A (K3C154) The importance of good working relationships in the setting
We work closely as a team to provide and deliver a professional, friendly and consistent environment and care for the children. This involves all of us being part of the weekly planning of activities and independent learning opportunities across the EYFS curriculum. Our planning is incorporated in the six early year’s curriculum stages. Some of these activities will be adult led or with adult engagement but we also provide different stimuli through independent learning opportunities. We also ensure that we provide weekly ‘key person’ time when possible to ensure that we know the children in our group really well so that the children can feel emotional secure with familiar people. The overall environment of the nursery is warm and friendly with many displays of the children’s finished work helping to promote that all the children are valued and given them a feeling of belonging. We also ensure that all areas, activities and equipment within the nursery are appropriate to the children’s age and abilities and that all areas are clear, safe and secure. All activities and equipment are accessible for the inclusion of all children regardless of any special needs or disabilities. • Promotes good and positive behaviour for the children. • Creates a good welcoming and secure atmosphere for children and adults. • Helps the transition for both parents/carers and children into a new environment. • Promotes a professional, friendly, consistent environment in which the children can benefit and learn from. • Act as a role model for the children.
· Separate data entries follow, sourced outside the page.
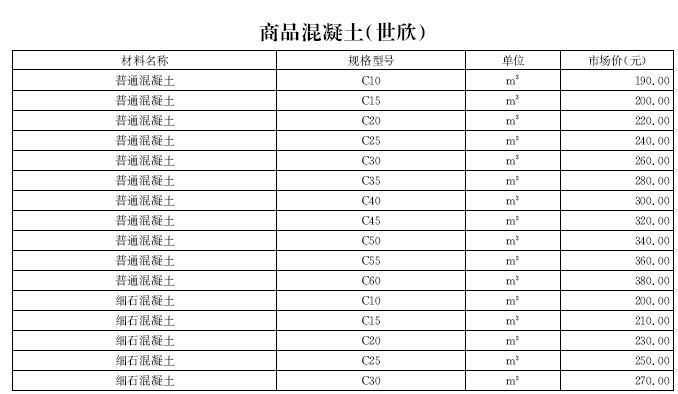 [内蒙古]2016年8月建设材料厂商报价信息(品牌市场价155页)-材料价格信息.jpg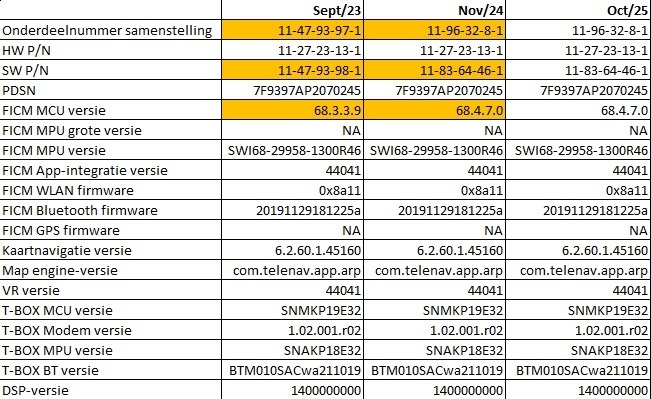 Afbeeldingslocatie: https://tweakers.net/i/aVV_2woH4aeSaz2jOKgcZxZ8g1w=/fit-in/4920x3264/filters:max_bytes(3145728):no_upscale():strip_icc():strip_exif()/f/image/UZrxO5z9M8HNC9qQTBkK0ZLp.jpg?f=user_large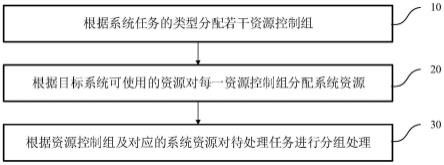 系统任务的调度方法、设备及存储介质与流程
• Creates a positive environment where the children feel valued, safe and comfortable. • Makes you feel valued and enjoy your role.
• Promotes good communication between adults and children. • It encourages and promotes sharing and exchanging information. • It enables honest, open communication.
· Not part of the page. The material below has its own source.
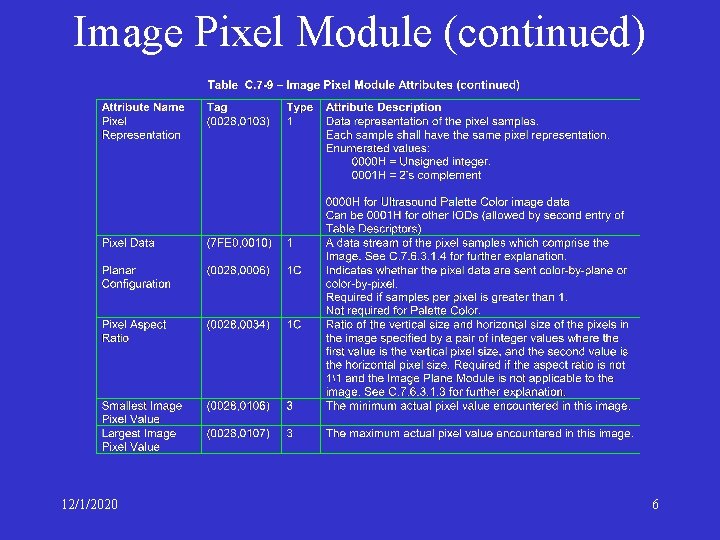 Image Pixel Module (continued) 12/1/2020 6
• The children will feel that their views, feelings and opinions are valued. • Trust and emotional support for the children.
• Will develop the children self esteem, confidence and independence. • Practitioners can share ideas, views, feelings, opinions and develop excellent working practice. • Practitioners can help support each other in times of difficulties.
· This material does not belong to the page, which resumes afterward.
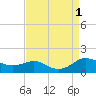 Rhode River tide chart for Thursday, September 1, 2022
B (K3C155) Relevant legal requirements covering the way you relate to and interact with children The relevant requirements covering the way we relate to and interact with children are The United Nations Convention On The Rights Of Children 1989, this legislation ensures that children are listened to, shown respect and have the right to make choices (within reason). They must be protected from discrimination and have the right to freedom of expression. The Children’s Act 1989 brings together various pieces of legislation; it covers child protection and the responsibilities a parent must adhere to, as well as ensuring that children’s welfare is of a paramount importance. Some of the ways I uphold the legal requirements within my setting are by ensuring that I treat children as valued human beings, treating them with respect, meeting their needs and by not discriminate against any child or adult regardless of gender, religion, culture, beliefs, ethnicity or disability. No child is excluded and adaption are made such as lowering or raising table tops to allow wheelchair users easy access for disabled children. I listen to what the children have to say and except their opinions. I do not use physical or mental abuse and ensure that no child is put at risk by allowing them to be left alone with any adult within my setting. I always praise children for their efforts and support their learning and ensure that I don not discuss any information regarding the children in my care with others accept on a need to know basis and other professionals, and maintain confidentiality at all times.